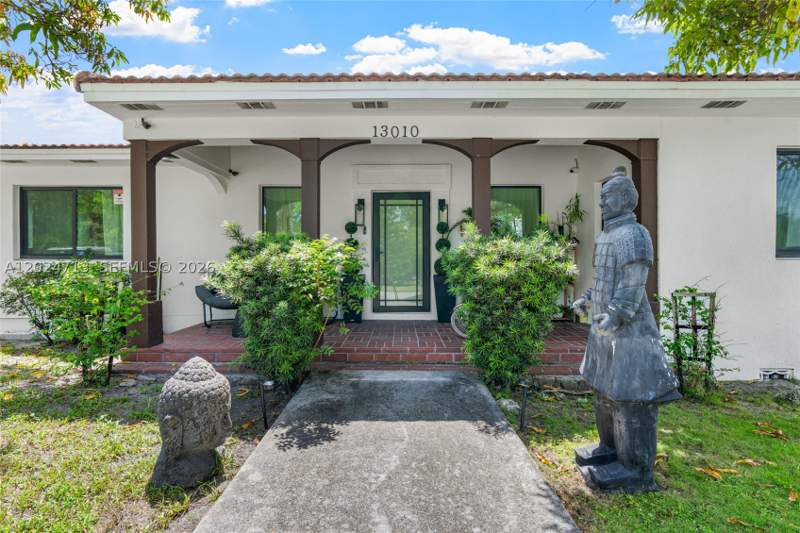 6 bedroom SingleFamilyResidence at 13010 Griffing Blvd, Griffing Biscayne Pk Est, North Miami — photo 3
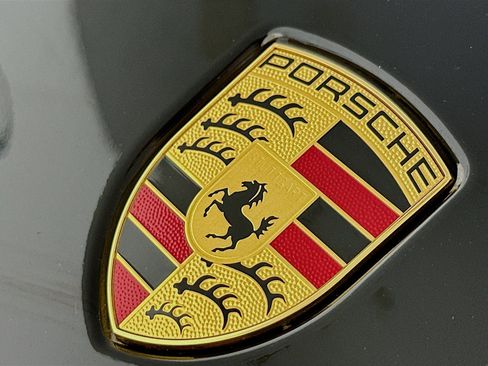 Used 2023 Porsche Macan GTS w/ Premium Package Plus AWD/4WD image 34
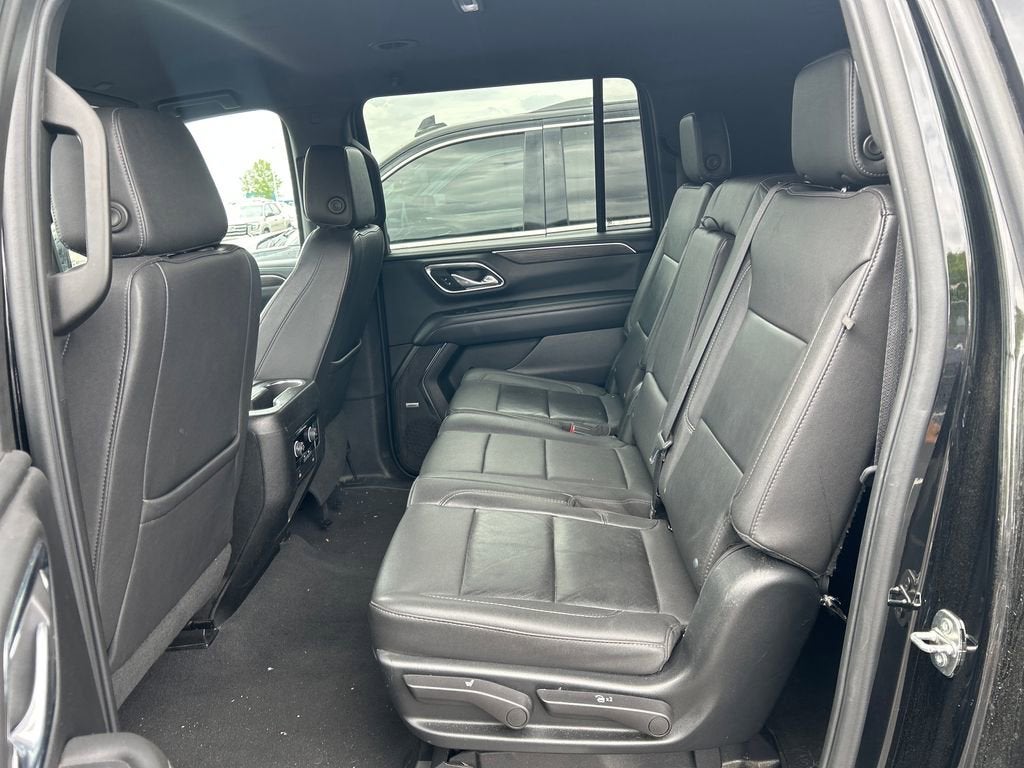 2023 Chevrolet Suburban LT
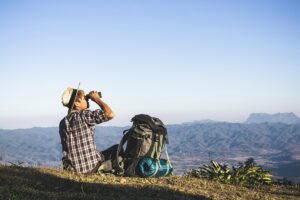 homem vendo a paisagem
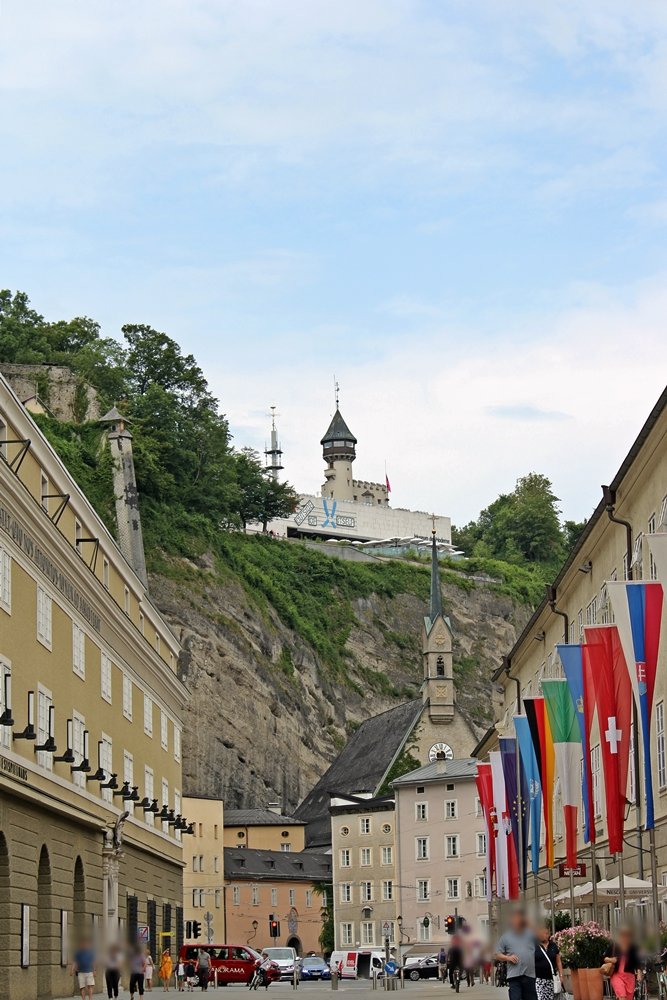 Hofstallgasse in Salzburg mit Blick auf den Mönchsberg und das Museum der Moderne. Das Festspielhaus und die Felsenreitschule liegen in der Hofstallgasse. Tipps für ein Wochenende in Salzburg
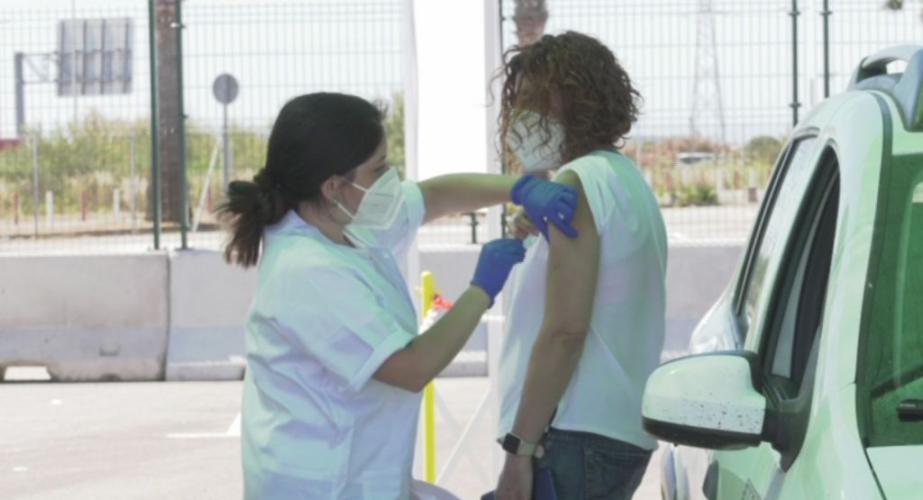 La Junta iniciará la vacunación de los menores de 55 la próxima semana y de los menores de 49 a mediados de junio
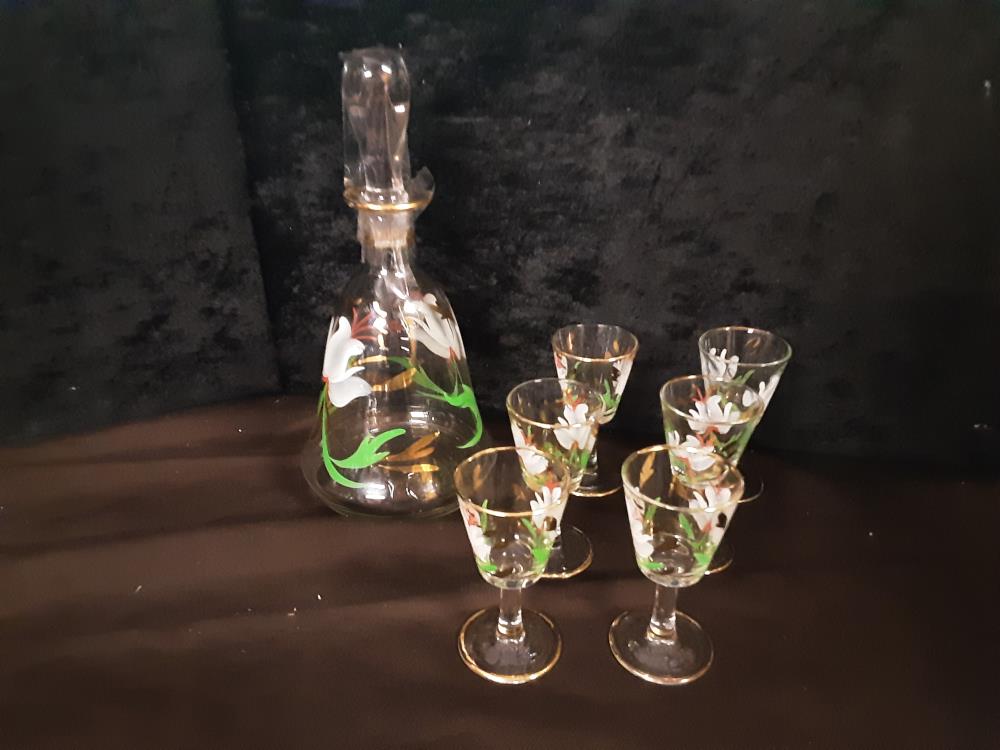 SERVICE A LIQUEUR (CARAFE AVEC BOUCHONS + 6 VERRES)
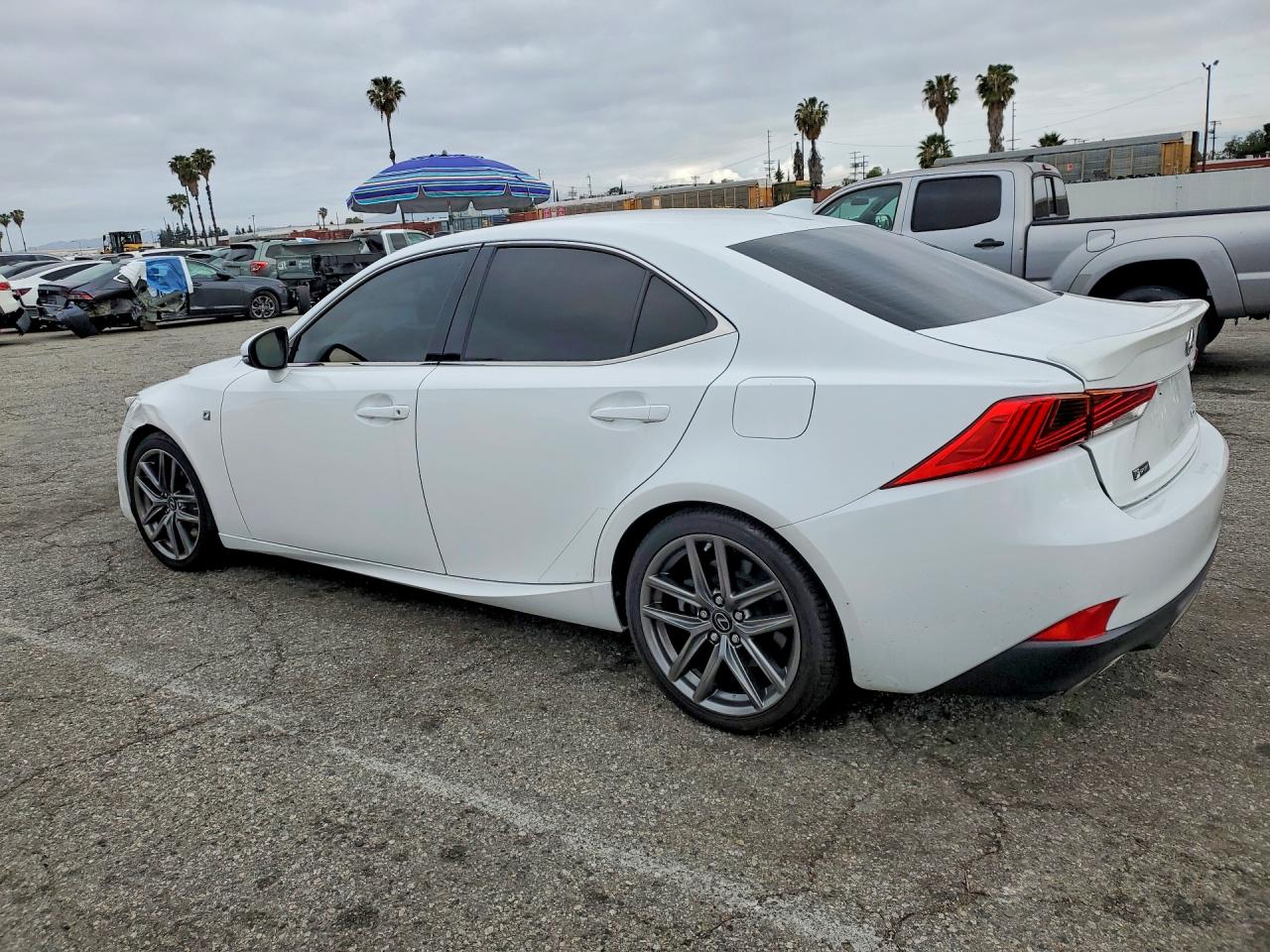 2017 LEXUS IS 350 photo 3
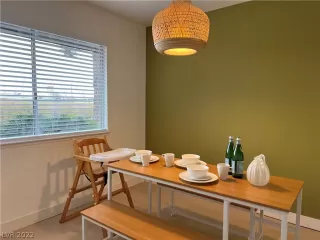 Photo #3: 2381436 Listing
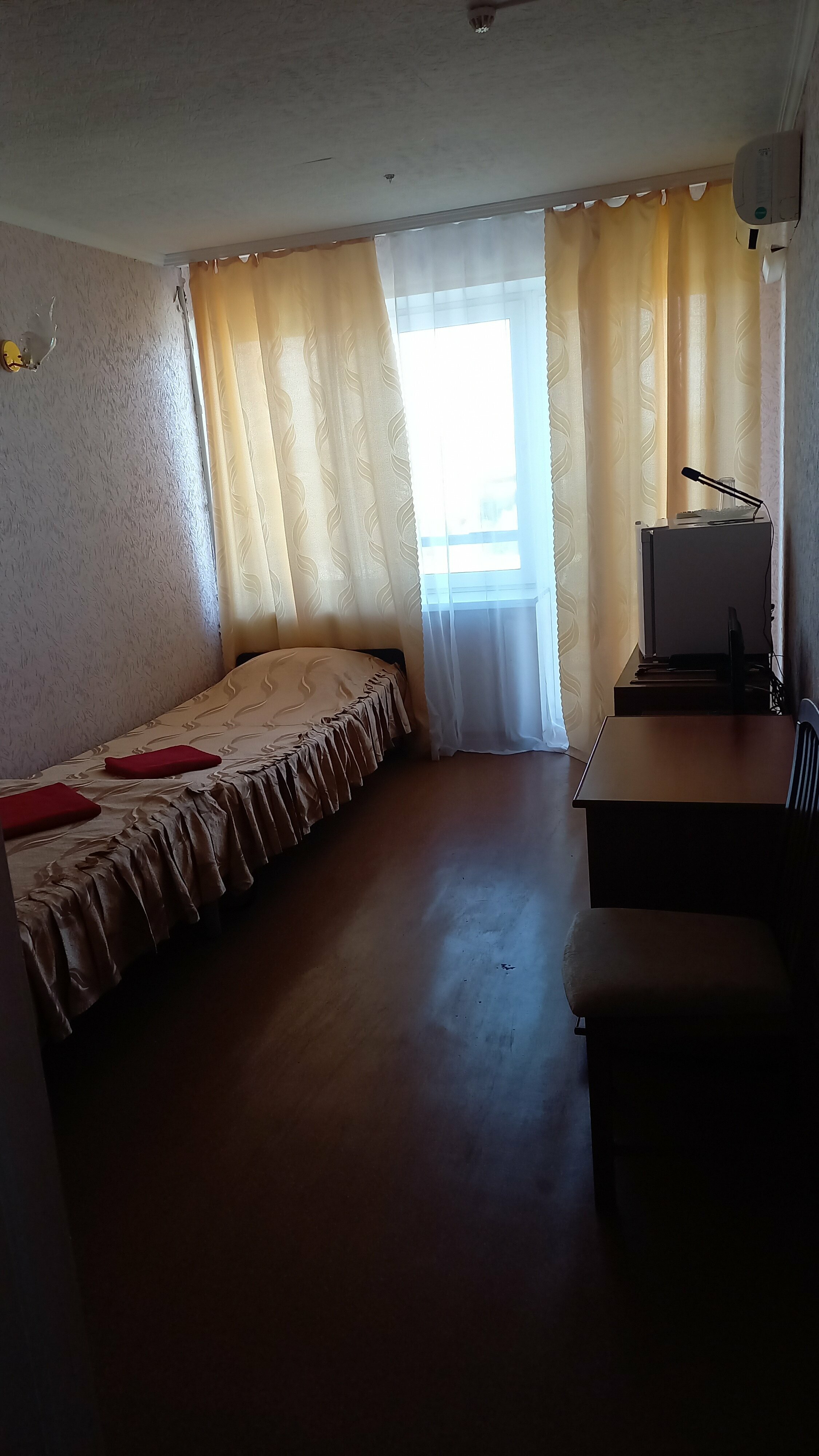 Двухместный номер с 2 отдельными кроватями и ванной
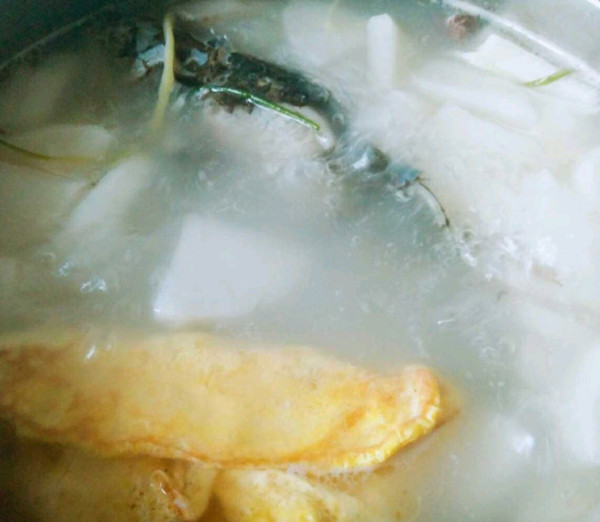 Carp Soup with Radish recipe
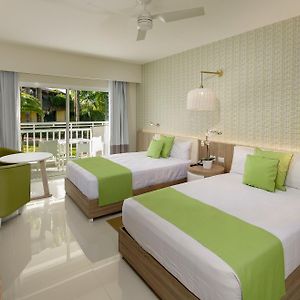 Standard Zimmer mit Kingsize-Bett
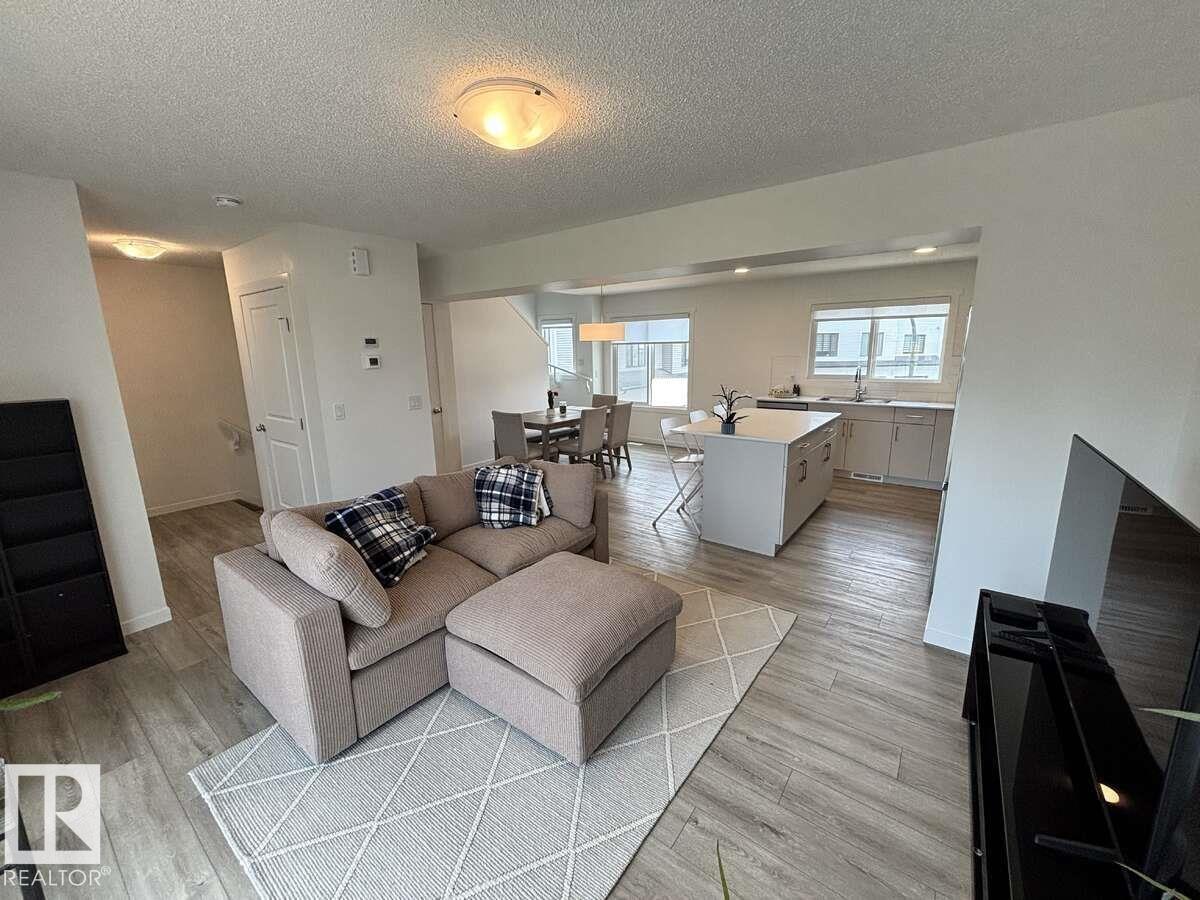 Photo 6 of 52 1025 Secord Pm Nw, Edmonton AB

============================================================

## What is expected
Give back the full listing word for word, with the pictures left out.

## Solution for this problem
 6 bedroom SingleFamilyResidence at 13010 Griffing Blvd, Griffing Biscayne Pk Est, North Miami — photo 3
 Used 2023 Porsche Macan GTS w/ Premium Package Plus AWD/4WD image 34
 2023 Chevrolet Suburban LT
 homem vendo a paisagem
 Hofstallgasse in Salzburg mit Blick auf den Mönchsberg und das Museum der Moderne. Das Festspielhaus und die Felsenreitschule liegen in der Hofstallgasse. Tipps für ein Wochenende in Salzburg
 La Junta iniciará la vacunación de los menores de 55 la próxima semana y de los menores de 49 a mediados de junio
 SERVICE A LIQUEUR (CARAFE AVEC BOUCHONS + 6 VERRES)
 2017 LEXUS IS 350 photo 3
 Photo #3: 2381436 Listing
 Двухместный номер с 2 отдельными кроватями и ванной
 Carp Soup with Radish recipe
 Standard Zimmer mit Kingsize-Bett
 Photo 6 of 52 1025 Secord Pm Nw, Edmonton AB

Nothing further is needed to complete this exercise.